Kevin Drum at Mother Jones is alarmed at the pretzel-twisting politics of David Frum as he endorses Mitt Romney for president. His title: “The GOP Will Destroy America If We Reelect Obama, So We Must Let the GOP Win.”
At The Daily Beast – where many of the nation’s most annoying ex-conservatives or never-were-conservatives are ensconced – Frum declared he would vote for Romney, and then added if he didn’t live in midnight-blue D.C., he’d “vote with gusto” against George Allen or Akin or Mourdock, because congressional Republicans are a “destructive and irrational force” that would deliberately push America into recession to hurt Obama and seek to impeach him if he won:
The question over his [Romney’s] head is not a question about him at all. It's a question about his party - and that question is the same whether Romney wins or loses. The congressional Republicans have shown themselves a destructive and irrational force in American politics. But we won't reform the congressional GOP by re-electing President Obama. If anything, an Obama re-election will not only aggravate the extremism of the congressional GOP, but also empower them: an Obama re-election raises the odds in favor of big sixth-year sweep for the congressional GOP - and very possibly a seventh-year impeachment. A Romney election will at least discourage the congressional GOP from deliberately pushing the US into recession in 2013. Added bonus: a Romney presidency likely means that the congressional GOP will lose seats in 2014, as they deserve.

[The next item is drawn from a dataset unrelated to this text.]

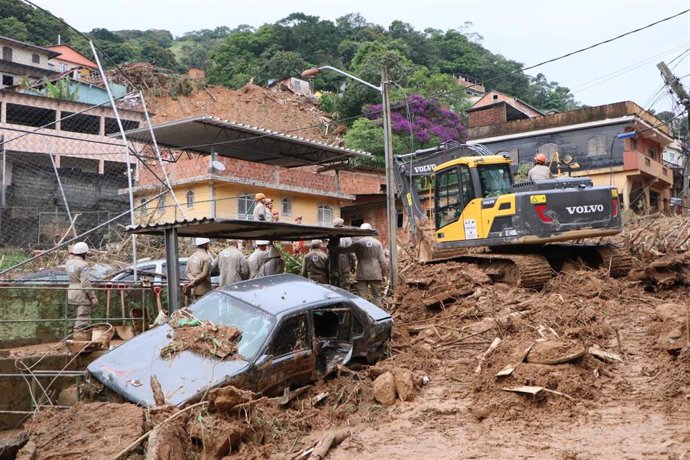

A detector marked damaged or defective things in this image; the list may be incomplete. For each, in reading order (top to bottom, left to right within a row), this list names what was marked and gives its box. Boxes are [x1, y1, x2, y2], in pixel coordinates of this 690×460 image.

broken car window [189, 294, 276, 360]
damaged sedan car [84, 274, 392, 406]
broken car window [268, 314, 310, 358]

....President Obama gave the order that killed Osama bin Laden. He ended the war in Iraq on acceptable terms. He is enforcing tightening sanctions against Iran, inspiring hopes of a peaceful end to that country's nuclear program.
Meanwhile, his opponents in Congress have behaved about as badly and irresponsibly as any opposition group since the congressional Democrats of the mid-1970s forced the defeat of South Vietnam. And as for conservatives in the country - well, I've posted my thoughts elsewhere on that particular plunge into paranoia and extremism.
Frum complained that he was voting against Obama despite how “Mitt Romney's campaign has been one long appeasement of the most selfish and stupid elements of the Republican coalition, and the instinct for appeasement will not terminate with the counting of the votes next Tuesday.”
Does this sound to anyone like a Republican or a conservative talking? Can we get beyond any oily mugwump claiming Frum belongs on the Right? Frum is clearly a painfully self-conscious moderate who wants to President Romney to consolidate Obama’s leftist gains, and help spur an “anti-Tea Party” to save the country:
The American system of government is malfunctioning badly. One thing President Obama got exactly right, in my opinion, is his skepticism that the system can be fixed from within Washington. It cannot. The incentives here are too perverse. What we need to make government work better is a citizens' movement that demands better functioning government in a broader public interest - an anti-Tea Party, supported by public-spirited leaders rather than wealth-protecting oligarchs. What we need inside Washington is an administration that respects market forces, works to control healthcare spending, and keeps out of the way of the gathering recovery.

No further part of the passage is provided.